# [Exercise description]
Apart from the images, output the data below exactly.

# [Data provided]
____________________

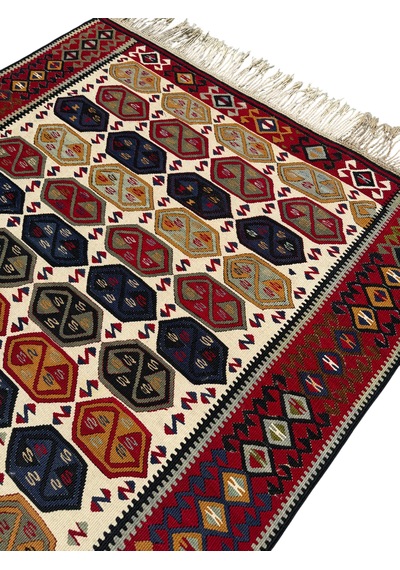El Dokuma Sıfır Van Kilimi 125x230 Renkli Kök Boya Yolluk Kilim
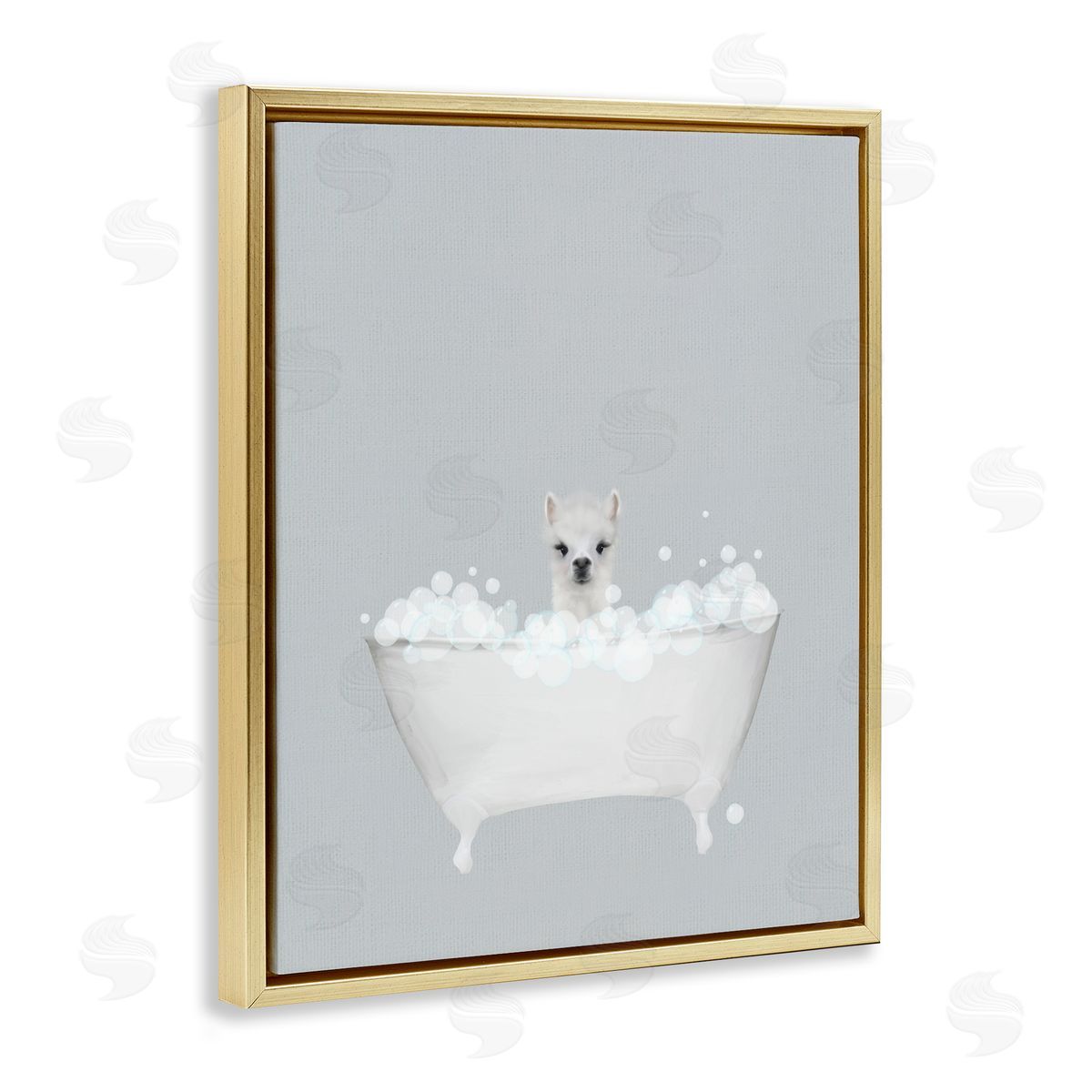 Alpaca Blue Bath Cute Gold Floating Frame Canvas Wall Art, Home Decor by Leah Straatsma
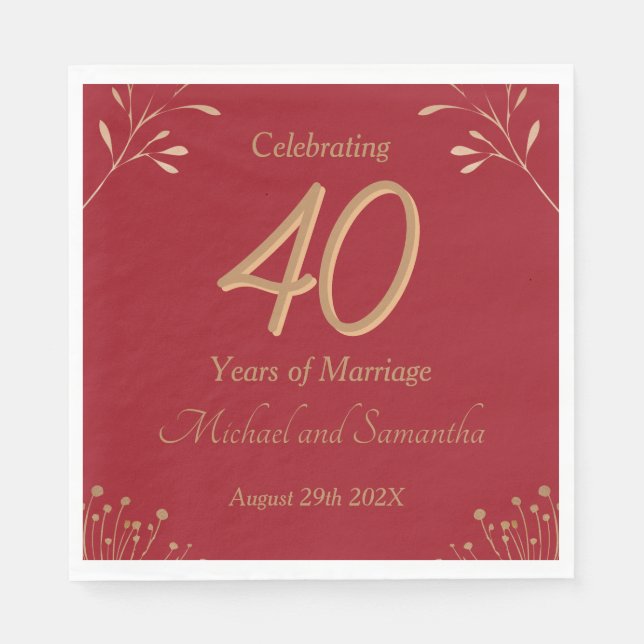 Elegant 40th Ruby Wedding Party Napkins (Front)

____________________

# [Task result]
El Dokuma Sıfır Van Kilimi 125x230 Renkli Kök Boya Yolluk Kilim
 Alpaca Blue Bath Cute Gold Floating Frame Canvas Wall Art, Home Decor by Leah Straatsma
 Elegant 40th Ruby Wedding Party Napkins (Front)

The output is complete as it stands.